Bipartisan Bill Advances Antibiotic Development for Seriously Ill Patients

Bipartisan Bill Advances Antibiotic Development for Seriously Ill Patients

Petri Dish LabFuse

LPAD would make antibiotic development more feasible by enabling FDA to conduct risk-benefit assessments tailored to the limited populations of patients with potentially fatal infections and little or no chance of successful treatment with currently available medications.

The U.S. Senate Committee on Health, Education, Labor, and Pensions (HELP) today passed the Promise for Antibiotics and Therapeutics for Health (PATH) Act, a bipartisan bill introduced by Sens. Orrin Hatch (R-UT) and Michael Bennet (D-CO) that would advance the development of new antibiotics for seriously ill patients with unmet medical needs.

Pew applauds the committee for taking an important step forward in addressing the critical public health threat of antibiotic resistance.  Antibiotic-resistant bacteria continue to emerge and spread at an alarming rate and are becoming increasingly difficult—sometimes impossible—to treat with existing medications. Millions of patients acquire serious and life-threatening infections in the U.S. each year, and tens of thousands die as a result. At the same time, the development of new antibiotics has dwindled, leaving too many patients with few or no treatment options.  

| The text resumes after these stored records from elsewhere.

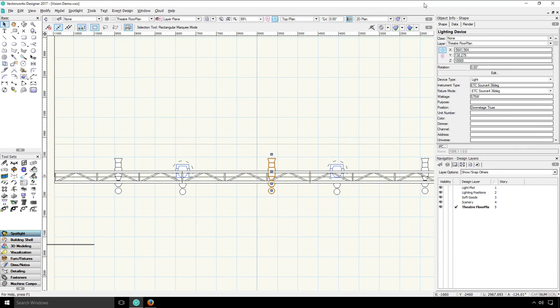Different fixtures require varying amounts of channels because they have different functions. Some fixtures, like this Source 4, only require a single channel because it only has one function: a dimmer. Others, like this Sharpie, require multiple channels because they have multiple functions, each requiring its own channel to operate.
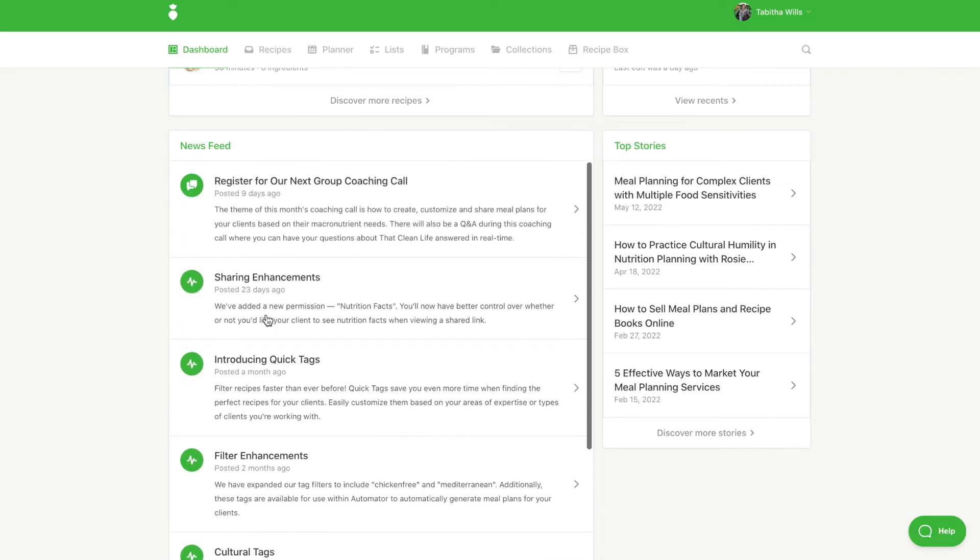Lastly is our top stories. These are our most recent blog posts packed with highly actionable content. Click on the title to see the full blog post, or you can select Discover More Stories to go to our blog.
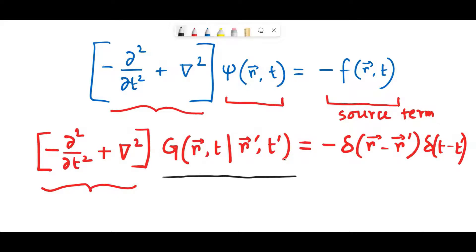Delta functions are very peculiar functions. All I can say is that they are in some sense a unique source. How is this delta function acting like a unique source? Let me draw a diagram, and by using that diagram I'll try to create a very compelling reason why this delta function will be helpful for us.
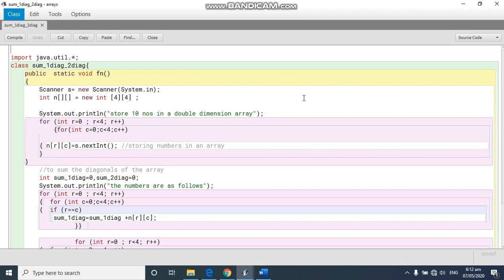Welcome students. Now in this program we are going to do the sum of the diagonals.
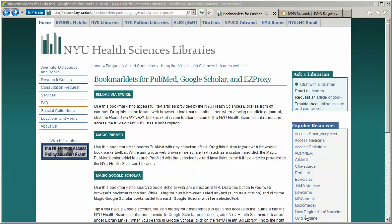This is a demonstration on using the NYU Health Sciences Library's bookmarklet to access online journals which the library subscribes to while you are working off-site. This tutorial includes instructions for installing the bookmarklet using Internet Explorer. If you are using Firefox, Safari, or another internet browser, please see our other tutorials.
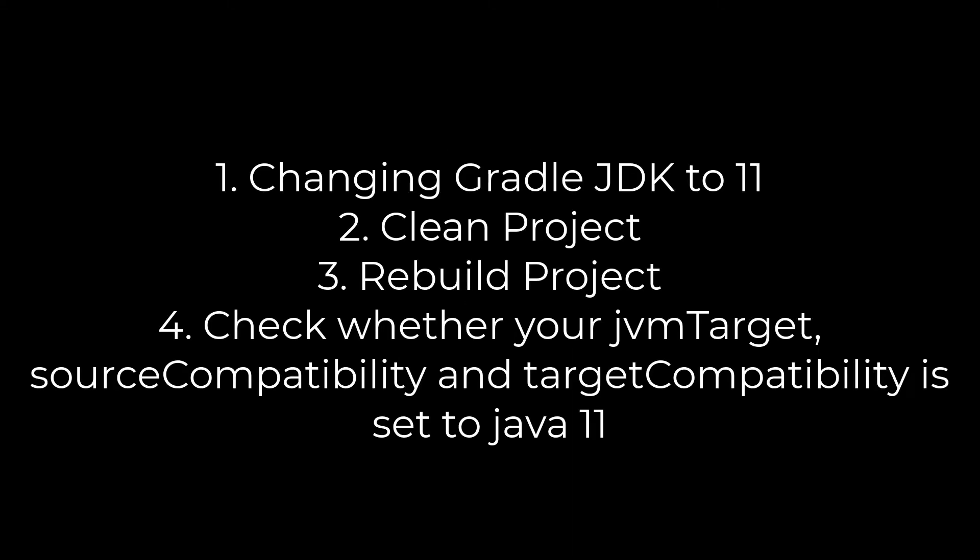Solution two. Step 1: Change Gradle Java Development Kit to 11. Step 2: Clean Project. Step 3: Rebuild Project.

The PATH Act would establish a new, limited-population antibacterial drug (LPAD) pathway: a unique mechanism the Food and Drug Administration could use to review and approve new antibacterial drugs for patients with serious and life-threatening bacterial infections that are resistant to current treatments.

This targeted approach would help spur the innovation of urgently needed antibiotics and make their development more feasible by allowing smaller clinical development programs that focus on specific, high-risk patient populations that would use these new antibiotics.

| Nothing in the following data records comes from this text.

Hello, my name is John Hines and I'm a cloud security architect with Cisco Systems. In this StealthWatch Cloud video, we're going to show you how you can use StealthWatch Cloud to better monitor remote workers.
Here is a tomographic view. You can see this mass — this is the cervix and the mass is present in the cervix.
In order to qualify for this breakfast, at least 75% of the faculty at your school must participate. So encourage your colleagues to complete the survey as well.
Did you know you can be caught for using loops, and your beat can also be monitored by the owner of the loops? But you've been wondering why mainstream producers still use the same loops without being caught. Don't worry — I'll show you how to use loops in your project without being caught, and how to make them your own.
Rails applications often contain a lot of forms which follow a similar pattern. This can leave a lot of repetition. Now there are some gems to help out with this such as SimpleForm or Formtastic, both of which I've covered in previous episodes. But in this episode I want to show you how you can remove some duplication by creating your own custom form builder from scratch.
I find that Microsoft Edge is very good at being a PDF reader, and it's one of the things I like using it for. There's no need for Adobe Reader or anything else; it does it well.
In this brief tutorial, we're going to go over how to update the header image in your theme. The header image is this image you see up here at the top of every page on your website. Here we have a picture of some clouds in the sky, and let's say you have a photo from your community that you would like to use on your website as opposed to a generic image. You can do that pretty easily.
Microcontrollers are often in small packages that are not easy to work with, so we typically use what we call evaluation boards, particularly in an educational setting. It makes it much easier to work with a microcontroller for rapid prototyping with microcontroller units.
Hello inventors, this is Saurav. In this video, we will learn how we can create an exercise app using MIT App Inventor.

This is important because the antibiotics that patients with hard-to-treat infections need are also the medications for which clinical trials are most difficult—often because only a small number of patients typically contract these highly drug-resistant infections, and even fewer meet the requirements to participate in clinical trials.

LPAD would also make antibiotic development more feasible by enabling FDA to conduct risk-benefit assessments tailored to the limited populations of patients with potentially fatal infections and little or no chance of successful treatment with currently available medications. Additionally, the bill would encourage health care facilities to report data critical to implementing and evaluating antibiotic stewardship programs, which are aimed at preserving the effectiveness of already existing drugs.

As with drugs approved under FDA’s traditional pathway, medicines approved under the LPAD pathway will still be required to meet FDA’s standards for safety and effectiveness. Additionally, LPAD would include mandatory measures to help ensure that drugs approved through the new pathway are used appropriately. These include the following key safeguards:

  • Prominent, mandatory branding so that prescribing physicians understand that the drugs were demonstrated to be safe and effective in limited patient populations with unmet need and are intended for use in those populations.
  • FDA review and preapproval of marketing materials so the agency can ensure that they reflect appropriate use of the drugs.
  • Post-market monitoring by the Department of Health and Human Services to evaluate whether these protections adequately ensure appropriate use of these drugs.

Language very similar to the PATH Act was included in the 21st Century Cures Act, which was passed by an overwhelming bipartisan majority (344-77) in the House of Representatives on July 10, 2015. A wide variety of stakeholders have endorsed PATH, including professional associations representing health care providers, hospitals, and pharmacists; public health experts; military and veterans groups; and antibiotic developers. Current and former FDA officials, as well as the President’s Council of Advisors on Science and Technology, also support the creation of a limited population pathway.  

We are encouraged to see LPAD legislation advancing and thank Sens. Hatch and Bennet, as well as HELP Committee Chairman Lamar Alexander (R-TN) and ranking member Patty Murray (D-WA), for their commitment to this serious public health issue. Although no single policy will fully address the complex challenges posed by antibiotic resistance, a targeted pathway for antibiotic approvals is a critical part of the solution, and we strongly urge the full Senate to pass the PATH Act.